Had I seen it? No. I hadn’t had a chance.
Among the hustle and bustle of the day, I hadn’t seen the sky that was so beautiful; the sky that caught the eye enough to warrant a line, moved enough within someone to be put into words for me. It had been there the whole time, but somehow I had missed it. The chance for today was gone.
Not that I didn’t see the beauty around me- a coworker feeling appreciated by recognition of a haircut, a movement of the Spirit during the sign of Peace, homemade pie and homegrown appreciation, a volunteer coming into her own in a space she finds safety in, and conversation far beyond the boundaries of cordial office chatter.

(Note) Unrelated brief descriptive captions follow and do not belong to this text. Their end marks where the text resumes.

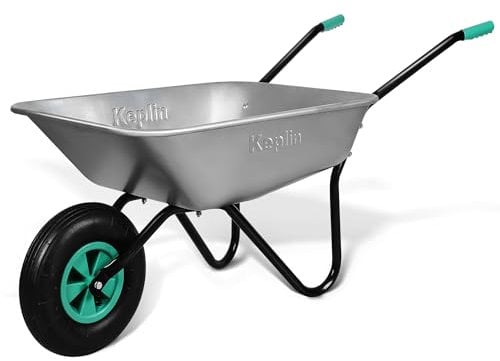 Keplin Heavy Duty Wheelbarrow - 200kg Load, Galvanized Steel Garden Large Wheel Barrow, 1 Pneumatic Tyre, Durable & Easy to Use for Gardening, Landscaping, DIY, Outdoor Tasks & Rough Terrain (65L)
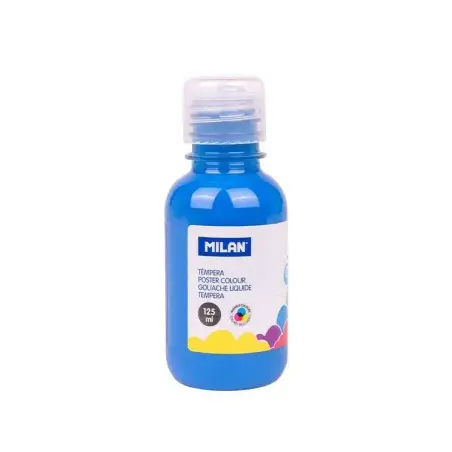 Milan Botella de Tempera 125ml - Tapon Dosificador - Secado Rapido - Mezclable - Color Azul | Ahorro Imprimiendo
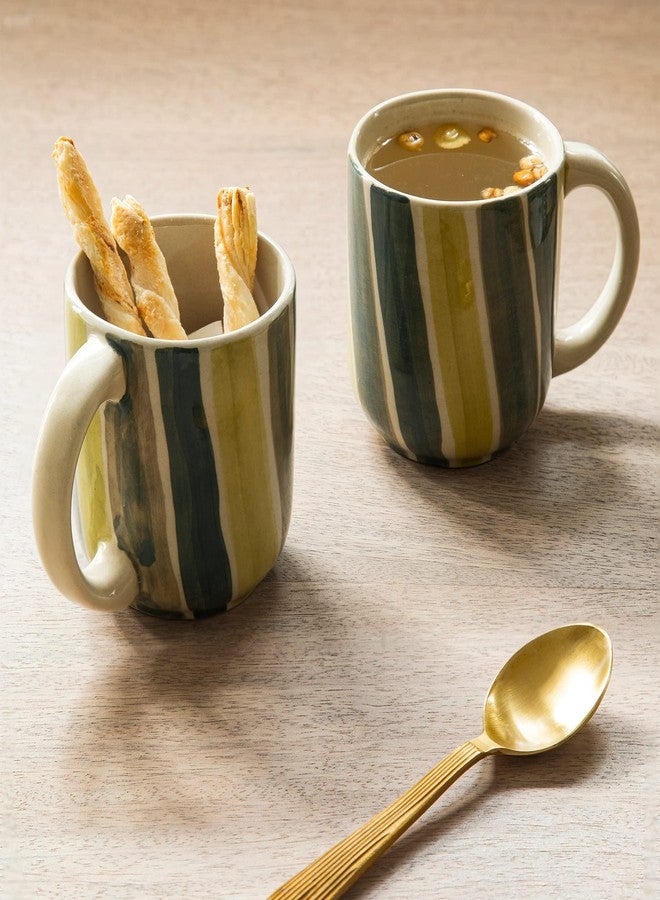 Ellementry Olive Coffee Mug Set of 2 (150 ml Each), Stylish Ceramic Mug for Coffee, Tea & Milk | Dishwasher Safe Trendy Everyday Use Cup for Office, Home & Travel, Perfect for House Warming Gift - Image 1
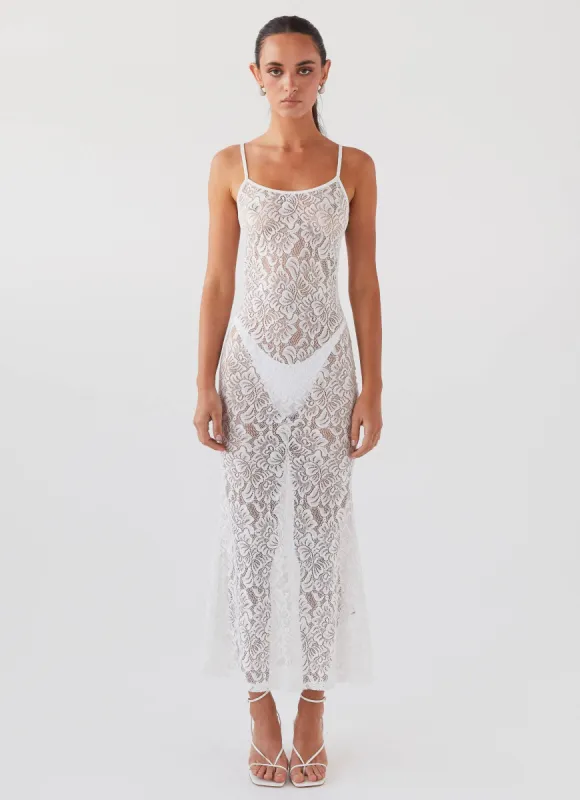 Leona Lace Maxi Dress - Snow sold by Peppermayo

All of it was meaningful and beautiful.
Still, I wish I could have seen the beauty of that sky. The chance beauty found and shared by another. While I know it will be there tomorrow, somehow having missed it today is missing a connection. A connection with another soul, with the moment, with God.
That leads me to my second sentiment for this All Souls’ Day. It surfaced at Mass this morning. Reflecting on the readings for the day and the meaning behind this day of remembrance and, ultimately, celebration, Fr. Bruce honed in on a very certain point about this day and the end of this life: When all that is, will be God.
I sat with that phrase for a while, considering in all my humanity what it was meant to say to my soul. First, I faced the meaning in it, that at the end of this life as we draw close to God and enter into the Kingdom to come, all that we encounter in the joy and glory of that moment will be God. In that moment of being in a way we have never been before, all will be as it is and will be God. Such divinity and sanctity- to find at the end of known being, not simply the unknown, but the grace-filled, triumphant moment of being one with God- completely unknown yet known inexplicably in the depths of our soul.
That moment is one held in faith. Rested and grounded in the confidence of the promises of Christ. It is the result of a life well lived- a life that seeks unity. One that strives to discover and be present to all that is and, in the process, recognizes that all of this is and always will be God. It is in this that the soul rests.
Today, I find that that is what my soul can rest in and I pray that all those who have passed from this life are enjoying that- a place, a space, a being where all that is is God. That is serenity. It is what I seek in this life, and as I draw closer to God that sensation of nearing that being is but a foretaste of what is to come. It is the sensation of finding God in the moment; being united with others and through them God; uncovering beauty among the mundane- even if it only peeks through the iron grate of the El, the smallest window of a soul shared, or the call from another to take a chance to see it in what has been there all along.